Work instructions> All lines from the one containing "NEW 24 pcs Flamingo" through the end of the data below are to be repeated exactly, with pictures left out.

Given entries>
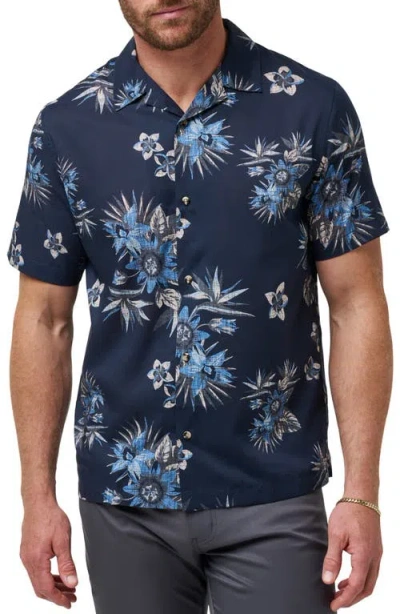 Travismathew Frigate Floral Camp Shirt In Total Eclipse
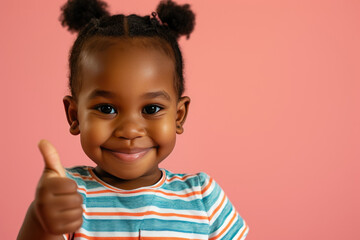 Happy little cute African girl giving thumbs up on pink background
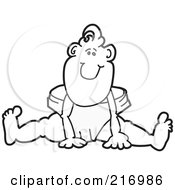 Royalty Free RF Clipart Illustration Of A Happy Outlined Baby Sitting In A Large Diaper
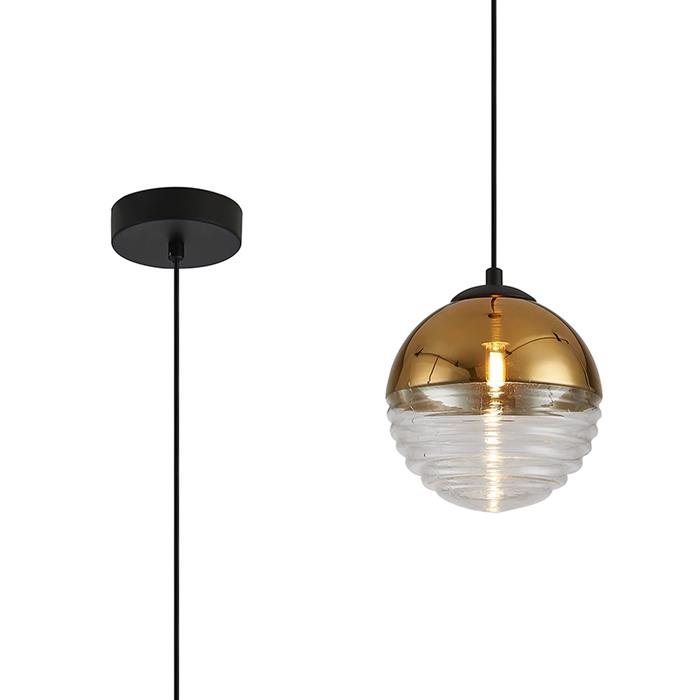 Baker Satin Black And Gold Single Ceiling Pendant 365789 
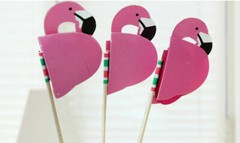 NEW 24 pcs Flamingo Cocktail Cupcake Picks Tropical Toppers Party Decorations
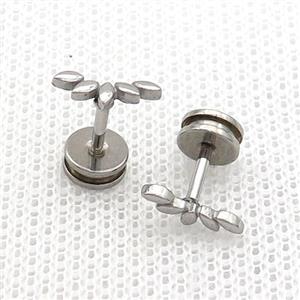 Raw Stainless Steel Stud Earrings, approx 10mm [SSB2335]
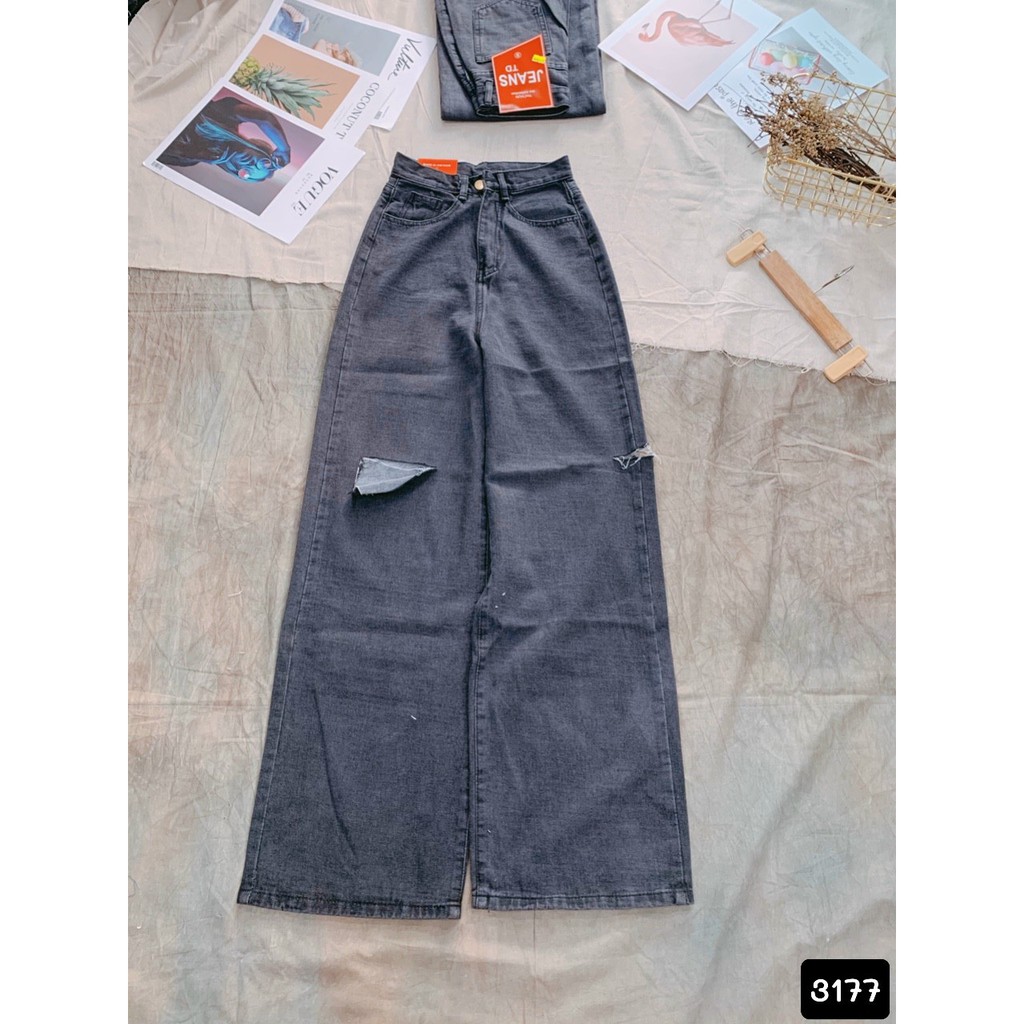 Quần Jeans Nữ Ống Rộng Phối Rách Cao Cấp OHS3177 | BigBuy360 - bigbuy360.vn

Exercise output>
 NEW 24 pcs Flamingo Cocktail Cupcake Picks Tropical Toppers Party Decorations
 Raw Stainless Steel Stud Earrings, approx 10mm [SSB2335]
 Quần Jeans Nữ Ống Rộng Phối Rách Cao Cấp OHS3177 | BigBuy360 - bigbuy360.vn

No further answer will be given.